INDUSTRY · JUNE 4, 2026 · 10 MIN READ
The bottleneck moved: from generating code faster to validating it better
The cost of writing code fell to near zero. The cost of trusting it did not. That gap, not a vendor fight, is the real story behind the AI code review debate.
For thirty years the scarce resource in software was the act of writing it. Tools, languages, and abstractions all aimed at the same target: let a person express more behavior in less time. AI assistants are the latest and largest move in that direction, and they worked. The cost of producing a plausible diff has fallen to near zero.
The cost of trusting that diff has not moved at all.

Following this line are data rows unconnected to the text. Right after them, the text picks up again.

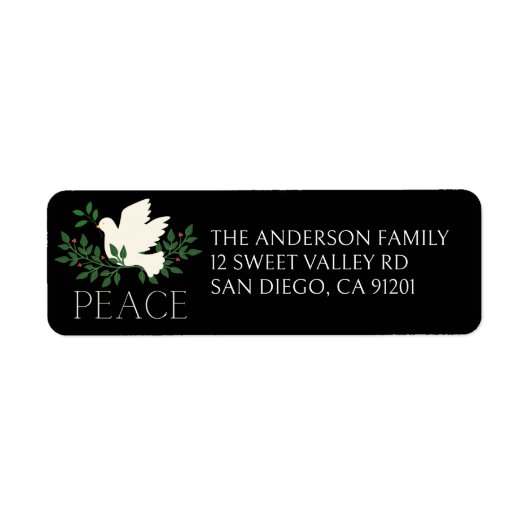 Peace Dove Kerstvakantie Etiket (Voorkant)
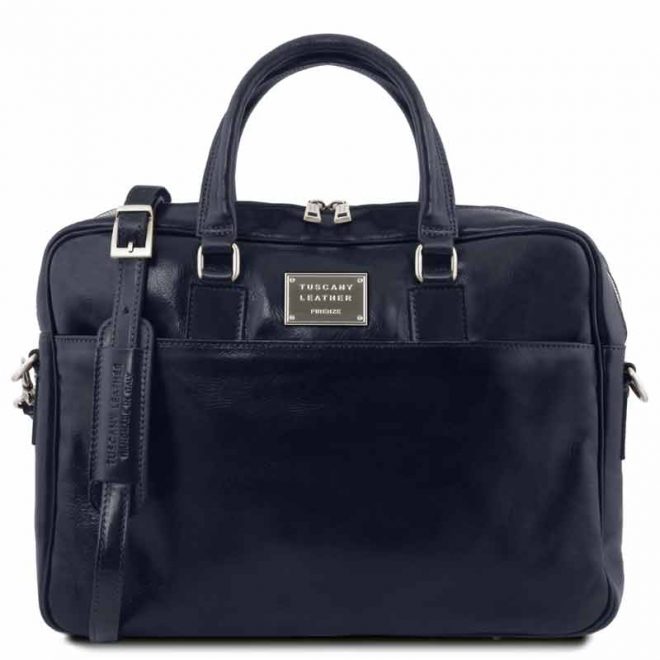 leren aktetas Urbino donkerblauw voorkant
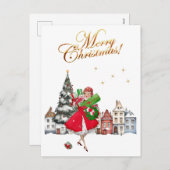 1950年ヴィンテージレディークリスマスショッピング シーズンポストカード (正面/裏面)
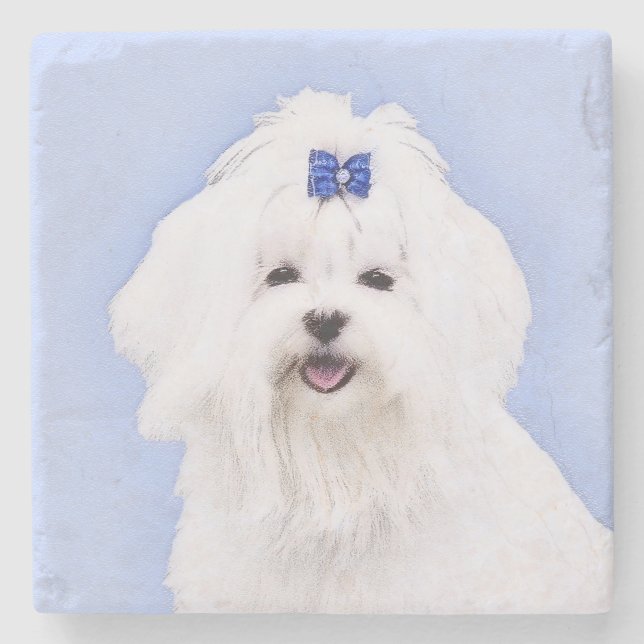Maltesisk målning - Cute Original Hund Art Stenunderlägg (Framsidan)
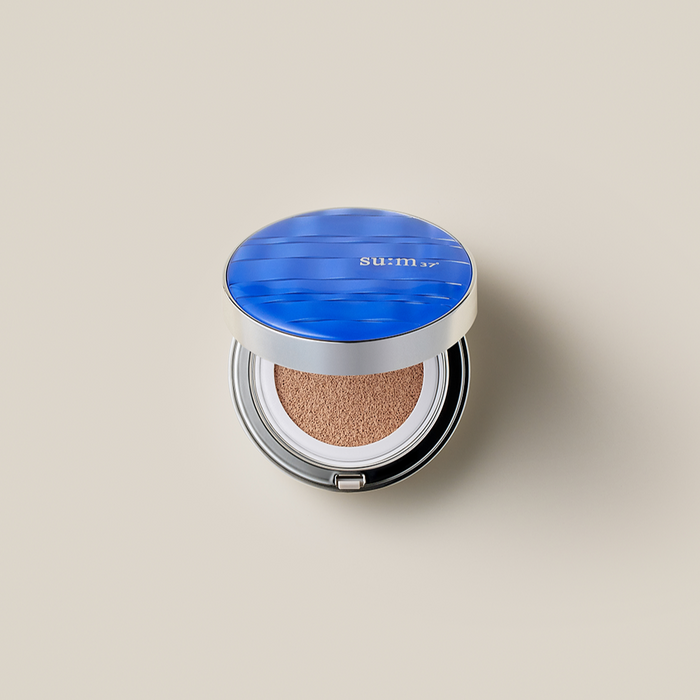Open compact of SU:M37 Water-full CC Cushion Perfect Finish on a neutral background.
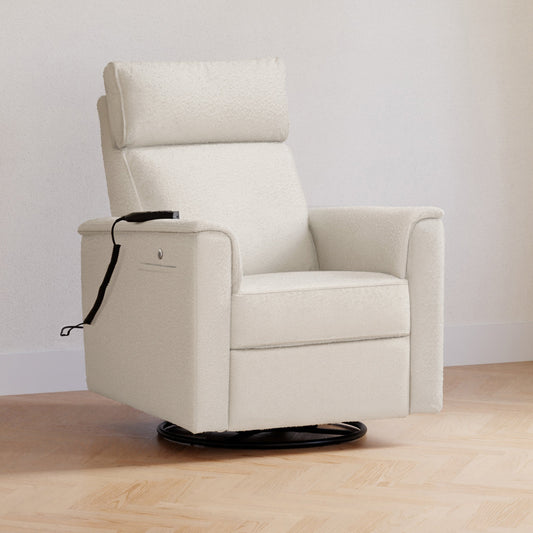Willa Deluxe Power Glider Recliner w/Heat&Massage in Performance Beach Eco-Weave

Two costs that used to travel together#
Writing code and vouching for code were once the same activity, performed by the same person, at roughly the same speed. An engineer who wrote a function understood it well enough to defend it. Generation severed that link. A diff can now arrive without anyone having reasoned about it, which means the work of deciding whether it is correct is a separate, growing task that lands on someone else.
That someone else is a reviewer, and reviewer throughput is flat. A person reads diffs at human speed regardless of how the diffs were produced. So the pipeline now has a fast front and a slow back, and the queue between them grows in proportion to how well generation works.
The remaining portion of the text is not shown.